Inference Cost Attacks for Retrieval-Augmented Large Language Models

Retrieval-Augmented Generation (RAG)-enhanced LLM systems, while powerful, introduce substantial inference costs due to the inclusion of an extra multi-stage pipeline that dynamically retrieves and synthesizes information from external knowledge sources. This high operational cost exposes a critical vulnerability to Inference Cost Attacks (ICAs). However, existing ICAs often rely on the impractical assumption of direct prompt manipulation. We argue that a more feasible and potent threat to RAG-enhanced LLM systems arises from poisoning external knowledge bases (e.g., web knowledge from the Internet). In this work, we introduce the Retrieval-Augmented Inference Cost Attack (RA-ICA), a novel attacking paradigm that targets the computational cost of RAG-enhanced LLM systems by injecting malicious documents into external knowledge corpus. To operationalize this attack, we propose Computational Resource Exhaustion via External Poisoning (CREEP), a novel framework that leverages LLM agents to automatically craft malicious documents that are both semantically relevant for retrieval and potent for inducing an abnormal increase in token consumption during the inference phase. To enhance the attack's effectiveness, we introduce Memory-Augmented Group Relative Policy Optimization (MA-GRPO), a novel reinforcement learning algorithm that fine-tunes the agents by learning from a dynamic memory of historical best adversarial documents. Extensive experiments across three real-world datasets demonstrate that RA-ICA increases token consumption by up to 13.12 times with an over 90% success rate, without degrading the integrity of the generated answer.

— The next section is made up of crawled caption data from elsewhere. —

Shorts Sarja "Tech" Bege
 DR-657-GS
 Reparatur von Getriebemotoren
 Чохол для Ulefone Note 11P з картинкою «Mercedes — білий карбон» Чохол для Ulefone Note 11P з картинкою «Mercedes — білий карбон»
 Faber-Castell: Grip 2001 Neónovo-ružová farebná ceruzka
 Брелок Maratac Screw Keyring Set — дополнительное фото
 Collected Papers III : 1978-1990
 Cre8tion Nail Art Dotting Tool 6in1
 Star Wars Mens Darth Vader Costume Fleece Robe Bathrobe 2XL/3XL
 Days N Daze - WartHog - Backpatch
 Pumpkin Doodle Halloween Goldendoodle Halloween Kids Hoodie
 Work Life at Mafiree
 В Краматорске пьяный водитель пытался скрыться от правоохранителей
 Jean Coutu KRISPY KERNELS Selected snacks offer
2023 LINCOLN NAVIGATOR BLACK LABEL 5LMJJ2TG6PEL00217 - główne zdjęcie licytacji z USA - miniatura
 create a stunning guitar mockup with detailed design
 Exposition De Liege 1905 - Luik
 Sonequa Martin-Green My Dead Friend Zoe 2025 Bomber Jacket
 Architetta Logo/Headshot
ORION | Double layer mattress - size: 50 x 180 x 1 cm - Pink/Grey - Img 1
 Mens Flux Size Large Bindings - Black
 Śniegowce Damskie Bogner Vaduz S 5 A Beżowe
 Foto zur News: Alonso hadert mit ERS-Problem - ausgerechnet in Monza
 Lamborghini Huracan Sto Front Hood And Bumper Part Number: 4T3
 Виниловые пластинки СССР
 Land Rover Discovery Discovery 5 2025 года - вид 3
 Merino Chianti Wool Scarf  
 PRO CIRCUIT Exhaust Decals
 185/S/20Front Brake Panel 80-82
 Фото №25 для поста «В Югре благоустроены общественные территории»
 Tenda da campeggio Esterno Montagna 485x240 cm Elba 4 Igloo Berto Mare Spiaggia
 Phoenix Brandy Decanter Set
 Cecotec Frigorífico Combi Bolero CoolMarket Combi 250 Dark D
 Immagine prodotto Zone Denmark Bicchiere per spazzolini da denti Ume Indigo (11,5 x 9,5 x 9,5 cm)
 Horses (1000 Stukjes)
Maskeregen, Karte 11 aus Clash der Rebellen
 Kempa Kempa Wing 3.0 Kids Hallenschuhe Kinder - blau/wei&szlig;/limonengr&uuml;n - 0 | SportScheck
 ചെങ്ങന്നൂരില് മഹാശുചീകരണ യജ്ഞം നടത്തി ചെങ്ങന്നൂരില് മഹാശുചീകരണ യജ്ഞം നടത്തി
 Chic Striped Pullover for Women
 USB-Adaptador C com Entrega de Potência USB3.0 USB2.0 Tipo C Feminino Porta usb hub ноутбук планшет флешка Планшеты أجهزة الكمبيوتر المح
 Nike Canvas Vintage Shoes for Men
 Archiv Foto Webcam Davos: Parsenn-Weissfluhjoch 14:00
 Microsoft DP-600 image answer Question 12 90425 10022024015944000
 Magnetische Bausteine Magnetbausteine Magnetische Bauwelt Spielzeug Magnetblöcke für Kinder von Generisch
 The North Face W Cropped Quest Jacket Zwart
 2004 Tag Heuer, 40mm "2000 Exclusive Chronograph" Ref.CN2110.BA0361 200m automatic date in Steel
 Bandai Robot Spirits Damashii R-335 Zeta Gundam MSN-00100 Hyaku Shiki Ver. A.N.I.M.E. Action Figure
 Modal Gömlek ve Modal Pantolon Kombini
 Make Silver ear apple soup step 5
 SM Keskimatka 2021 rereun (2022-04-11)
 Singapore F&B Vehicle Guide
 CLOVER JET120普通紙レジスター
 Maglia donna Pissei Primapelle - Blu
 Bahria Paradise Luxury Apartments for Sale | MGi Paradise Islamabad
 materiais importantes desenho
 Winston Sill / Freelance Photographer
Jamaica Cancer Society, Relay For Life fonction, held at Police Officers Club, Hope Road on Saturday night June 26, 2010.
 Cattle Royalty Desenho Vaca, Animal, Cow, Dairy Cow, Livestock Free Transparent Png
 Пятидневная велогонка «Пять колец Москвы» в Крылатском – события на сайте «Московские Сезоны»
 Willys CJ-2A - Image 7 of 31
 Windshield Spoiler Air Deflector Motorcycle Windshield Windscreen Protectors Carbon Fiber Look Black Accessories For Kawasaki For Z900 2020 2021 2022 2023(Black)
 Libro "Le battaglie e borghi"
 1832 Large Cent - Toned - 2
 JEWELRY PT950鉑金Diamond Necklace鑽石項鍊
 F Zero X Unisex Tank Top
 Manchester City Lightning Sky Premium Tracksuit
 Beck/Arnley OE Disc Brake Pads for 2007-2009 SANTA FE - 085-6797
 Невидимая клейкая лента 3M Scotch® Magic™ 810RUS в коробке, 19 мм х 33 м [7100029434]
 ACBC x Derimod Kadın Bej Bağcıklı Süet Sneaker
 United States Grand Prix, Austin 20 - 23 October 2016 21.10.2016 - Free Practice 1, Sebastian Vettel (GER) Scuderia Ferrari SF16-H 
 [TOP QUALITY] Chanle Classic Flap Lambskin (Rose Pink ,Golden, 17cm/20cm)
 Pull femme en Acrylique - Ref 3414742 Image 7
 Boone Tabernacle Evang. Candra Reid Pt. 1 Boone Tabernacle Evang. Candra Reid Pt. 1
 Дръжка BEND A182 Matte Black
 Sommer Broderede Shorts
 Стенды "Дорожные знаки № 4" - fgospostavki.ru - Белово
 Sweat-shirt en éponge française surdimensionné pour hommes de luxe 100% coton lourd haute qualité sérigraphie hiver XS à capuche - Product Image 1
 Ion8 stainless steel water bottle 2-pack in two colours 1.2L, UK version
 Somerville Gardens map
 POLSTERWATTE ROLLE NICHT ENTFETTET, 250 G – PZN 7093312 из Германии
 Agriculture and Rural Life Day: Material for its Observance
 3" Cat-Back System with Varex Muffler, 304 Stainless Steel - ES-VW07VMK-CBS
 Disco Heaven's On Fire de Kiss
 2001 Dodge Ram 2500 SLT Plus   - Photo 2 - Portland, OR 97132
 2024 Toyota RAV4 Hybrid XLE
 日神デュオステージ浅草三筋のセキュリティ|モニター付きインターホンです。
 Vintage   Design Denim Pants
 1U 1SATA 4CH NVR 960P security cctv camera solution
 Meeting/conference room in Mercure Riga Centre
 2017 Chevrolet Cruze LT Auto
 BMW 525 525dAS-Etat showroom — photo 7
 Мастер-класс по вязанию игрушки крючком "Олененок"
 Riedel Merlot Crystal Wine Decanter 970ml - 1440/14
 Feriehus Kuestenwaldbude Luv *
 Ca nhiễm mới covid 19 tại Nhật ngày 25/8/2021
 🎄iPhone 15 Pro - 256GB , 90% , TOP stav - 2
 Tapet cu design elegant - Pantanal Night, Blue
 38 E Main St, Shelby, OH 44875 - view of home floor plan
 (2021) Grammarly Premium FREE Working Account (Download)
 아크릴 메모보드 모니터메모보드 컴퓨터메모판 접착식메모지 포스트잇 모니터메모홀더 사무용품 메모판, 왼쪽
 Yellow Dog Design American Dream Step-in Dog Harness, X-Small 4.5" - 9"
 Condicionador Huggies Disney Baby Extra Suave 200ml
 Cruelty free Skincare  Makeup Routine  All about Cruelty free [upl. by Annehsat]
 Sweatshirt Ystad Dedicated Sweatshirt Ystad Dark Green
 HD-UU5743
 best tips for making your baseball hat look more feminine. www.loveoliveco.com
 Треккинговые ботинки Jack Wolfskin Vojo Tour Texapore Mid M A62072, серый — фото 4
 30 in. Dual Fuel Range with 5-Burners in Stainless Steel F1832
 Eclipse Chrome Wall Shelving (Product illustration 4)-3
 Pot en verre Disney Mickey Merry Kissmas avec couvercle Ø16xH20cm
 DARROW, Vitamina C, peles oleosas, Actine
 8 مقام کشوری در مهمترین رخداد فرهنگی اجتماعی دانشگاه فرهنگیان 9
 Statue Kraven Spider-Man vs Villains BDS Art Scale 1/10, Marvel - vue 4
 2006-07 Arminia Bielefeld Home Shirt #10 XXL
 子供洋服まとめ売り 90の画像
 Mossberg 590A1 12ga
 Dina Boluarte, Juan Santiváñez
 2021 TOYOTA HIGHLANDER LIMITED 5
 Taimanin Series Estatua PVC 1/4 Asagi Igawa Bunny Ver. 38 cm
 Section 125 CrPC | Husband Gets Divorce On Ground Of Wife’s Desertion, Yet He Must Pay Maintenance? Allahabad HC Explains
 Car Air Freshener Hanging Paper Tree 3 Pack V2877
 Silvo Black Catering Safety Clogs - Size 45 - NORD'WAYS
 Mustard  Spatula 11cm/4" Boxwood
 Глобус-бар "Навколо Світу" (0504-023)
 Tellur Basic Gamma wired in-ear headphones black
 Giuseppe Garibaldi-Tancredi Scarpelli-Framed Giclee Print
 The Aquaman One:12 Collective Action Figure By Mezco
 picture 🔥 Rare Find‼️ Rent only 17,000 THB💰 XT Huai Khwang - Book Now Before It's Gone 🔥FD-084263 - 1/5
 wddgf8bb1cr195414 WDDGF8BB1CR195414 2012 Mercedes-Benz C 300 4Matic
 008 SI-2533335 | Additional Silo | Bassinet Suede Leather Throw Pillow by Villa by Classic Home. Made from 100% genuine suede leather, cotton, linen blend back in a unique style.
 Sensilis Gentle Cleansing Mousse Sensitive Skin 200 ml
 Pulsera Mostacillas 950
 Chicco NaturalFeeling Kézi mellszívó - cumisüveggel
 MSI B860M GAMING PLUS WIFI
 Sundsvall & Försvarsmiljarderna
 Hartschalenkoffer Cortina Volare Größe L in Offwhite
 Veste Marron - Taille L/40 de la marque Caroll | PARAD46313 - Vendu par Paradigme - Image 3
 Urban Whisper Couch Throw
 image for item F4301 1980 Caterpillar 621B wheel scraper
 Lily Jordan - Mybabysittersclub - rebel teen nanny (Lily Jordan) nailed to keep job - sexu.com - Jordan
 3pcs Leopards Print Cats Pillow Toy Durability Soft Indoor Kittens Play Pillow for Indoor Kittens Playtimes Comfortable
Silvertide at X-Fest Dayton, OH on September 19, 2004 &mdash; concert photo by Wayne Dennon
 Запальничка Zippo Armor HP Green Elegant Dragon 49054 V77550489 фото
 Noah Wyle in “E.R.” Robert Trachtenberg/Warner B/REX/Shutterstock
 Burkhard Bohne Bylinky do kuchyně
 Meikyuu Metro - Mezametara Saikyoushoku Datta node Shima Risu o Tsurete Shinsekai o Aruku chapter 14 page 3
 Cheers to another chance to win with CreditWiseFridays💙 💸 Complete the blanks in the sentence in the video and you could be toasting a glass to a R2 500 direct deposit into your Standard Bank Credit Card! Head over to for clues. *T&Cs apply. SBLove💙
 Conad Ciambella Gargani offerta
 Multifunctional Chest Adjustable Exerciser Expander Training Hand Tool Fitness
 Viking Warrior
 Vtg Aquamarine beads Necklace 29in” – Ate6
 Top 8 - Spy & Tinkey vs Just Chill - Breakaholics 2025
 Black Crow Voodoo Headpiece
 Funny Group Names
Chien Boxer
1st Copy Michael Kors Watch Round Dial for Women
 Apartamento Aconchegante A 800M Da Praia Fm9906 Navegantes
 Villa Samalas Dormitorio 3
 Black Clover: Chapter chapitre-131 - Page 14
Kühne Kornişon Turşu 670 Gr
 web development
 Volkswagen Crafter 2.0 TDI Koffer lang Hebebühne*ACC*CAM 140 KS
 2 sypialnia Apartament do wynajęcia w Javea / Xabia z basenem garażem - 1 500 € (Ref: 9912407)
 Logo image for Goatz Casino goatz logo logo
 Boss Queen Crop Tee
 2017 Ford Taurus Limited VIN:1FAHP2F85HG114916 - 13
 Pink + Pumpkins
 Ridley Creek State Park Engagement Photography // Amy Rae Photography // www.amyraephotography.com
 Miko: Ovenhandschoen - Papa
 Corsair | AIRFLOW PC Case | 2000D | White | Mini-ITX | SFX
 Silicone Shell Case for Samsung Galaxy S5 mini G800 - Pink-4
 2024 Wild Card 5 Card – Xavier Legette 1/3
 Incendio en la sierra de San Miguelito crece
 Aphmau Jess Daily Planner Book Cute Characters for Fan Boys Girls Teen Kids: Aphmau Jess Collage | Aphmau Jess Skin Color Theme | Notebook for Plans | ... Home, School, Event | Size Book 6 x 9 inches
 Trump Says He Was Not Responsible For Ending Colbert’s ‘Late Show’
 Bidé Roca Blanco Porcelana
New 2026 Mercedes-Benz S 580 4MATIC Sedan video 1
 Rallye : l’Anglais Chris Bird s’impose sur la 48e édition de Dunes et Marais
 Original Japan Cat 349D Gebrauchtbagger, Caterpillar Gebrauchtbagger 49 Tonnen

翻译：检索增强生成（RAG）增强的大语言模型系统虽然功能强大，但由于引入了额外的多阶段流水线（该流水线会动态地从外部知识源检索并综合信息），导致推理成本显著增加。这种高昂的运行成本暴露了一个关键漏洞，即推理成本攻击（ICA）。然而，现有的ICA通常依赖于直接操作提示这一不切实际的假设。我们认为，对RAG增强的大语言模型系统更可行且更具威胁性的攻击来自对外部知识库（例如互联网上的网络知识）的投毒。在这项工作中，我们引入了检索增强推理成本攻击（RA-ICA），这是一种新颖的攻击范式，旨在通过向外部知识语料库注入恶意文档来针对RAG增强的大语言模型系统的计算成本。为了实现这种攻击，我们提出了通过外部投毒耗尽计算资源（CREEP），这是一种利用大语言模型代理自动生成恶意文档的新颖框架，这些文档既在语义上与检索相关，又能在推理阶段有效诱导令牌消耗异常增加。为增强攻击效果，我们引入了记忆增强组相对策略优化（MA-GRPO），这是一种新颖的强化学习算法，通过从历史最佳对抗性文档的动态记忆中学习来微调代理。在三个真实世界数据集上的大量实验表明，RA-ICA在保持生成答案完整性的前提下，令牌消耗最多增加13.12倍，成功率超过90%。